Beyond Decheng Mining

Feature | 2 April 2015
Qingdao phantom metals

Stephen Tricks and Philip Prowse outline the issues raised by the Qingdao phantom metals scandal
and identify potential solutions

It has been around 12 months since the name Qingdao entered trade finance terminology worldwide, not as the home of a fine beer to accompany a bowl of noodles, but as the location for a warehousing scandal that has rocked the commodity finance community.

Much has been written in the meantime on the problems at Qingdao;1 several banks and trading companies have had to instruct their lawyers,2 but getting to the bottom of events in Qingdao is by no means easy.
The Chinese authorities have been reluctant to release much information, saying that the investigations continue. It may fall to the courts outside China to try to work out the details of what went wrong - indeed, at the time of writing, the High Court in London is due to deliver judgment on the dispute between Citi and Mercuria over the early repayment of repos following the discovery of the Qingdao fraud. Details are summarised in the box-out on page 50.

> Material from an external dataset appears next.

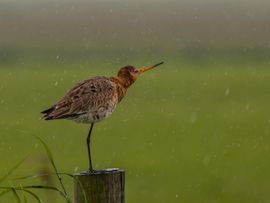 Grutto in de regen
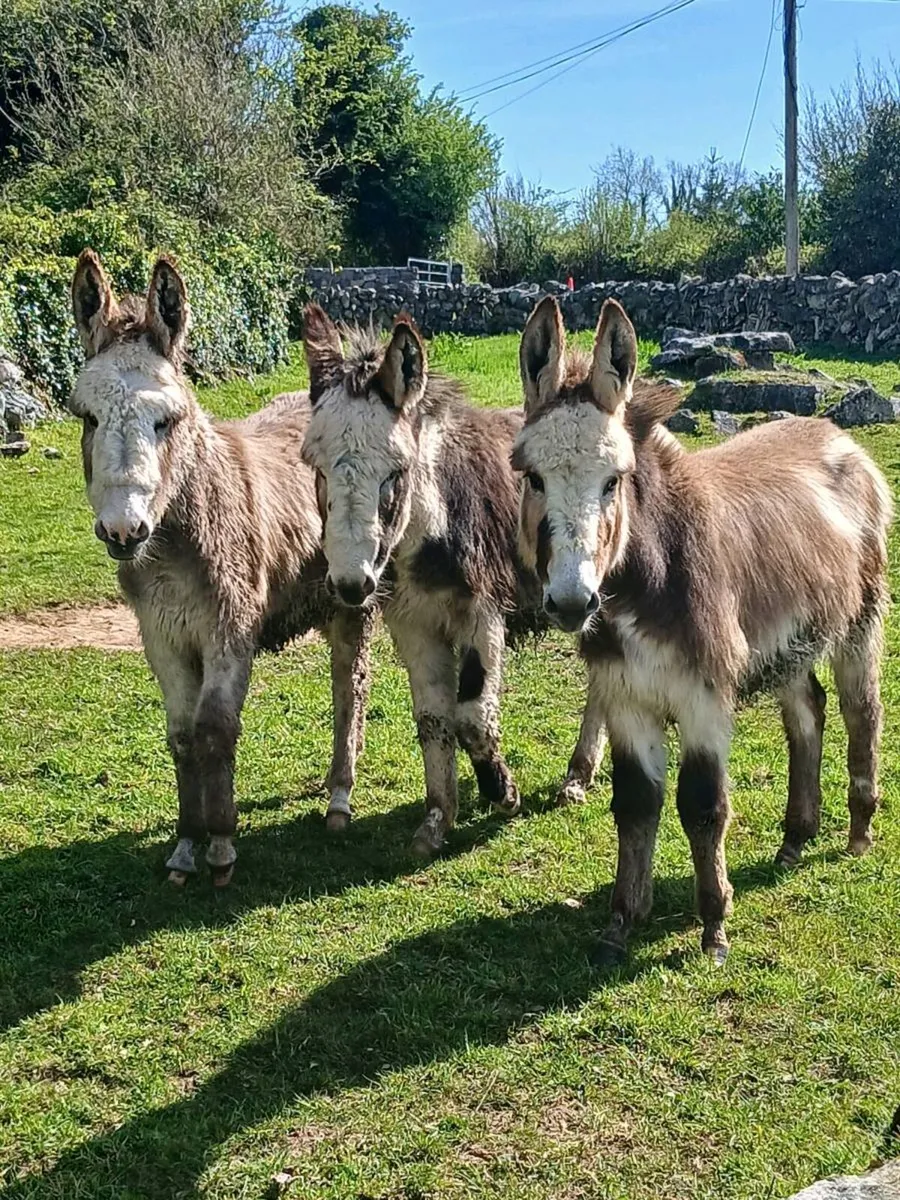 3 × 1 year old Female Donkeys - Image 1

On 10 December, Reuters reported, "China has been investigating whether private metals trading firm Decheng Mining and its related companies used fake warehouse receipts to obtain multiple loans secured against a single cargo of metal, including metal owned by Mercuria."3 Whatever the outcome of that case, warehouse receipts appear to have played
a key role.

Using goods in store as collateral is as old as trade finance itself. The short point to take away is that this is by no means the first time that lending against warehouse receipts has come unstuck and one doubts that it will be the last. But two aspects deserve further attention. The first is the use of letters of credit (LC) to provide finance against the security of warehouse receipts. The second is the management of stocks in store.

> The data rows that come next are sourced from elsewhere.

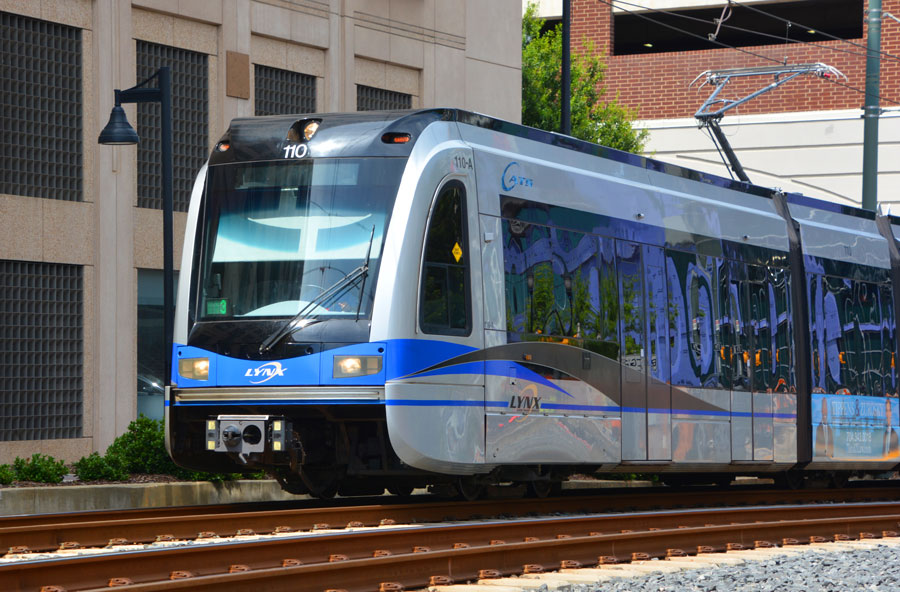 Charlotte Lynx Blue Line
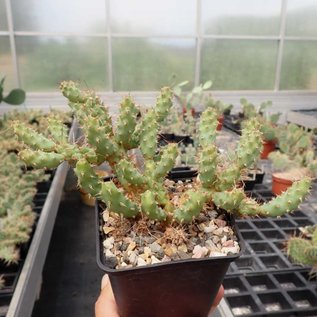 Opuntia fragilis v. oplocarpa      (dw)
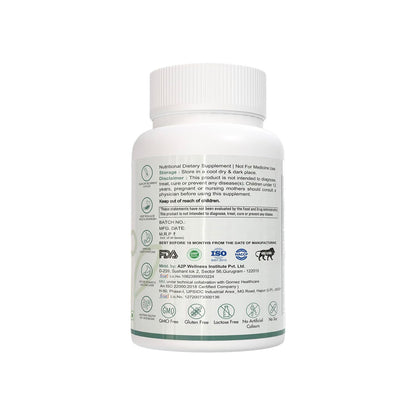Autoimmunity Care H Pylori Care – Mastic Gum & Berberine Supplement for Gut Health | H. Pylori Care Capsule for Stomach Comfort & Digestive Wellness | Gut Care Supplement | 90 Caps (90 doses)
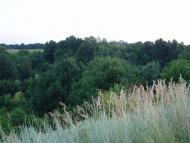 природа села сари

Musical warehouse financing LCs

Even in China, where warehouse financing has become a major source of liquidity for investment in the general economy in recent years, this type of problem is not new. Indeed a case on fraudulent financing through LCs against multiple warehouse receipts issued on the same consignments reached the Chinese Supreme Court in December 2013. At the time, that decision did not penetrate western consciousness, but in the light of the Qingdao scandal, it is worth taking a closer look.

The vanishing Shi Ming

Between 2003 and 2008 Shi Ming, a plastics and steel tycoon in Ningbo, China, borrowed more than US$200m from Chinese and western banks against copper said to be worth up to US$26m. When copper prices plummeted in the global financial crisis, Shi had no option but to run, leaving the banks and other creditors to clear up the mess. More than 80 lawsuits were filed. Most of them foundered in the wake of his disappearance, but one test case involving the Shanghai branch of ANZ Bank (China) Co Ltd eventually reached the People's Supreme Court.

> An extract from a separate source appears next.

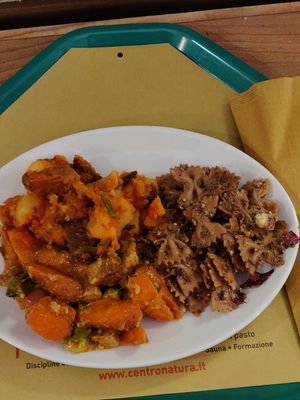 Farfalle con pesto di radicchio a dx at Centro Natura in Bologna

According to the Court's judgment, Shi controlled a string of companies both onshore (i.e. in mainland China) and offshore (in Hong Kong). Shi arranged for Ningbo Construction Bank to issue 90 days acceptance LCs at the request of his onshore company, Shengtong, in favour of his offshore company, Lianchuang. The main documents required under the LCs were warehouse receipts issued by a C. Steinweg. Lianchuang would present the documents to ANZ Shanghai, which would negotiate the credit and pass the documents to the issuing bank. In turn the issuing bank would release the documents to Haitian, an import agent, which would then pass them to Shengtong.

So far, so good. But rather than simply tender the receipts to the warehouse to collect the metal, Shengtong would sometimes ask Steinweg to issue new receipts against the surrender of the existing receipt.4 Sometimes Shengtong replaced the genuine receipts with fraudulent receipts issued for non-existent cargo, and sometimes Shengtong simply recycled the existing receipts. Whichever route was chosen, the receipts ended up back in the hands of Lianchuang, who would tender them as a compliant presentation against the next LC. And so the cycle went on and on until it came crashing down in late 2008.

Fraud unravels all

When the music stopped, ANZ Shanghai was holding several LCs on which it had made discounted payments to Lianchuang, and on which it demanded reimbursement from Ningbo Construction Bank as issuing bank. Ningbo refused to pay on the grounds that the presentations under the LCs were fraudulent and that ANZ Shanghai was implicated in the fraud. There had been some evidence in the lower courts that employees of ANZ Shanghai had advised Shi Ming on setting up the arrangements
for generating finance on goods in store
and had assisted him in registering the offshore companies.5

The Supreme Court agreed with Ningbo on both counts. The presentations were fraudulent and ANZ Shanghai was not acting bona fide when negotiating the credits. That decision in itself would be unremarkable, although a warning to other negotiating banks who might find themselves in a similar position. However, one comment from the Supreme Court has wider implications. The Court said that if a letter of credit was being used as a pure financing tool and was not being used in its traditional role of a payment method for international trade, the normal protection given to the LC under Chinese law as an instrument independent of the underlying transaction would be lost. This meant that, in the event of a scheme being fraudulent because of a lack of a genuine underlying transaction, the LC would be unenforceable, irrespective of who triggered the fraud. On this basis, a bona fide negotiating bank could find itself unable to enforce a reimbursement obligation on the part of
a Chinese issuing bank in relation to a pure financing transaction which turns out to
be fraudulent.

The Qingdao scandal shows that the problems highlighted in this earlier case have not gone away and sheds a new light on the issue with warehouse financing.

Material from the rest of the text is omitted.